Would you return exactly the lines below from the line with "Pleine lune et" through the line with "TX license plate DNW8540", both included, and nothing else, leaving out the pictures?

RECORD EXCERPTS:
========================================

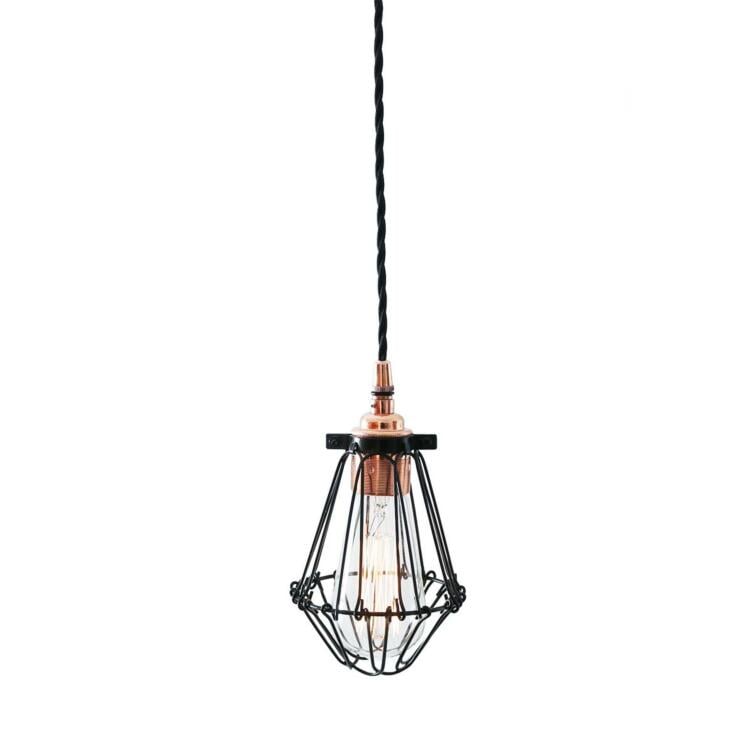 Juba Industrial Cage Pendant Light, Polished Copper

========================================

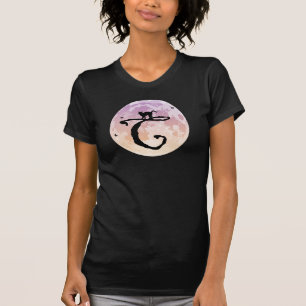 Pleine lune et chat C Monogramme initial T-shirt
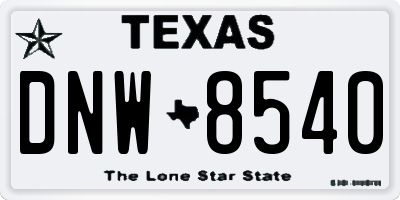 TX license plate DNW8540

========================================

RESULT BELOW:
 Pleine lune et chat C Monogramme initial T-shirt
 TX license plate DNW8540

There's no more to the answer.